En vacances, on s’était promis de se supporter en famille : « Le féminisme de mon fils s’arrête au ras de mes sandales quand on est ensemble »

Tous les ans, avant de partir en congés, on se fait des promesses… que l’on ne tiendra pas. Comme profiter de ses proches, sans que ça vire à l’engueulade.

Juil 20, 2025 - 06:18
En vacances, on s’était promis de se supporter en famille : « Le féminisme de mon fils s’arrête au ras de mes sandales quand on est ensemble »
MARTIN GROCH POUR « M LE MAGAZINE DU MONDE

On s’en vantait presque au printemps. Enfin, se retrouver… Il s’agissait surtout de kidnapper ses enfants sous couvert de les inviter dans un endroit de rêve, et de préférence loin d’une gare, tout en trouvant normal de se saigner parce que, pour la cinquième année de suite, « c’est sans doute la dernière fois qu’on part ensemble ». Enfin, s’ils viennent. Trois mois déjà qu’on leur demande à quelles dates ils seraient disponibles. Eux ne pouvaient pas fournir de réponse ferme, laissant la porte ouverte à toute proposition plus excitante que la perspective de se faire engueuler en vacances parce qu’on n’a pas ramassé ses chaussettes.
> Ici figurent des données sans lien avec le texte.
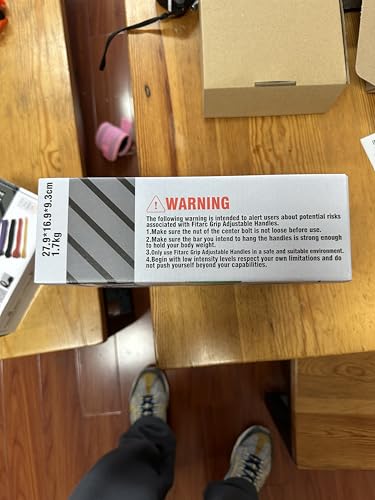 Fitarc Neutral Grip Pull Up Handles, Wrist Shoulder Elbow Friendly, 12 Angle Adjustable Lat Pulldown Handle Rowing Grips, 2Pcs, Patented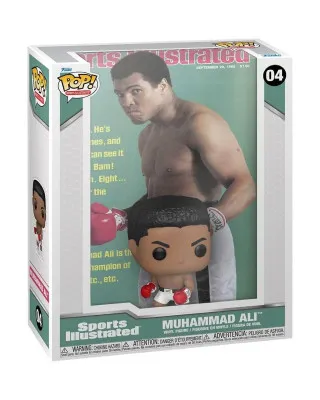 Bobble Figure POP! Sports - Magazine Cover  - Muhammad Ali 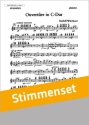 W�rthner, Rudolf Ouvert�re in C-Dur Akkordeonorchester Stimmenset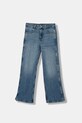 Guess jeansy dziecięce z regulacją niebieski J6RA08.D5FM0.PPY2
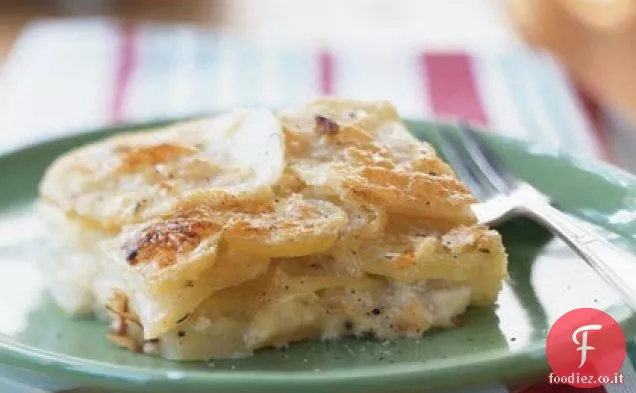 Gratin di Gorgonzola di Patate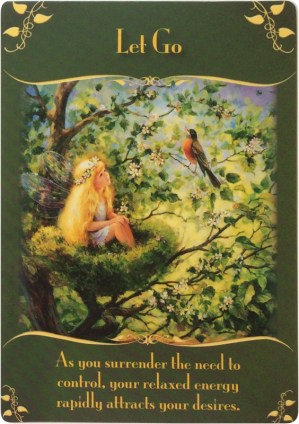 手放す／Let Go　〜マジカルフェアリーオラクルカード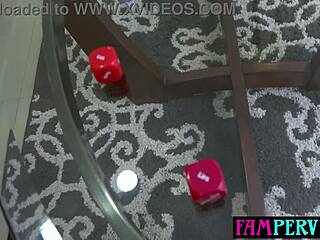 fuck yes milf rachael cavalli rolls dirty dice on stepsons monster dick!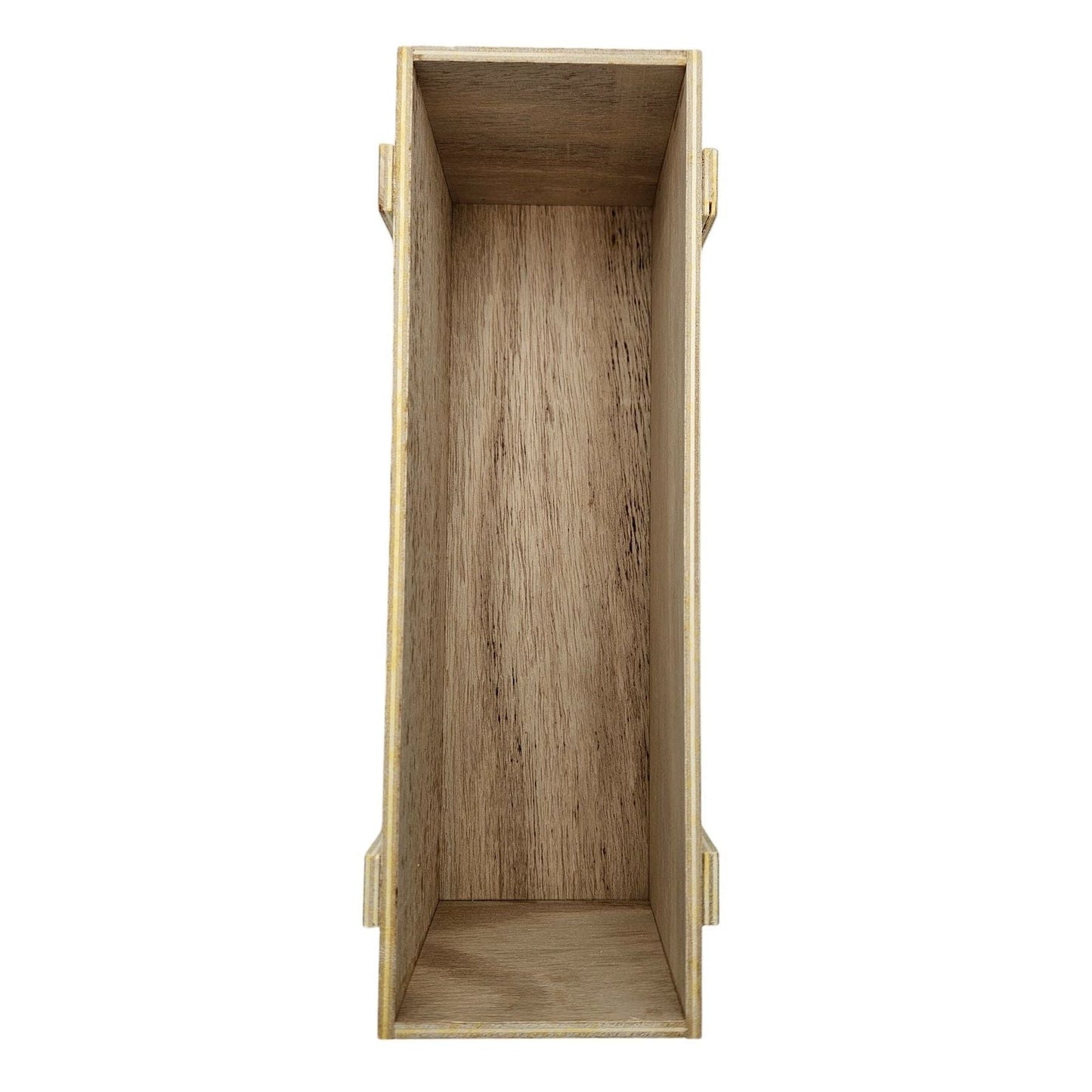 Aufbewahrungsbox Kiste Holz braun eckig Herz Küche Aufbewahrung Dekokiste Natur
Ils ont fini par lâcher qu’ils « passeront ».

Selon un sondage Promovacances réalisé avant les congés (le détail a son importance), 52 % des Français approuvent l’idée que « passer ses vacances en famille est source de bonheur ». Mais seuls 42 % des 18-24 ans sont d’accord. Et ces jeunes sont 35 % à reconnaître que, au bout de quelques jours, « ça pèse » et 18 % à trouver que « c’est une organisation militaire », contre 3 % des plus de 55 ans (ceux, donc, qui ont le plus de risque d’avoir expérimenté une authentique organisation militaire).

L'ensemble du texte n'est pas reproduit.